How Bob Seger helped Glenn Frey achieve greatness
The late Eagles founder Glenn Frey once said the most important thing to ever happen to him was meeting Bob Seger in Detroit. They had come across each other in the mid-1960s when Frey was touring with the Mushrooms, often playing clubs operated by Seger’s manager, Punch Andrews.
Frey said Seger had taken him under his wing, and the two stuck up a lifelong friendship that resulted in numerous rock classics. They took to sharing songwriting tips, with Seger slowly building Frey’s confidence and letting him step in on a few tracks before the Eagles exploded.
“We [realised] that songwriting was essential, it makes you original,” Seger told the Detroit Free Press. “That was the bottom line – we were both going to be original songwriters so that nobody could compare us to anybody else. Songwriting was key to the whole operation. And obviously, he was very good at it.”
Seger found his feet quicker than Frey, having had a hit with 1968’s ‘Ramblin’ Gamblin Man’, on which Frey provided backing vocals and guitar. But it was Frey’s turn in the early ‘70s. Having moved to California, he and the Eagles found massive success – but never at the cost of his friendship with Seger.
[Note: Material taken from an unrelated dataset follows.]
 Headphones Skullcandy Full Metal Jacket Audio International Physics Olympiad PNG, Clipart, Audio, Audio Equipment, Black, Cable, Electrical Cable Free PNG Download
“He was so successful, and I was so happy for his success,” Seger said. “And he was always positive about my career. He was the first guy to come see me when I was writing ‘Beautiful Loser’ [saying] ‘Oh, that’s good, that’s good, keep at it, keep at it!’ He was a cheerleader for me. He was always a positive influence for me throughout my career.”
They continued to collaborate, with the Eagles pitching in on Seger tracks like ‘Fire Lake’, and Seger co-writing ‘Heartache Tonight’ alongside Frey and J.D. Souther. After spending years studying Seger’s creative process, he was the first one Frey called when stumped by a chorus for ‘Heartache Tonight’.
As Souther, who is often tipped as the “unofficial Eagle”, reported, Seger was the one who created it. “Glenn [Frey] was on the phone with Seger, and he said, ‘I wanna run something by you,’ and sang it to him, and Seger just came right in with the chorus, just sang it, and it was so good.”
Frey sheepishly asked Souther if four writers would be okay, and after hearing Seger’s “fantastic” input, he quickly agreed to it. When Seger laid down the line: “There’s gonna be a heartache tonight,” Frey’s eyes lit up.
Following Frey’s death in 2016, Seger reflected on their creative chemistry, saying: “If you can judge songwriters by the cash register, they don’t get much better than Glenn Frey.”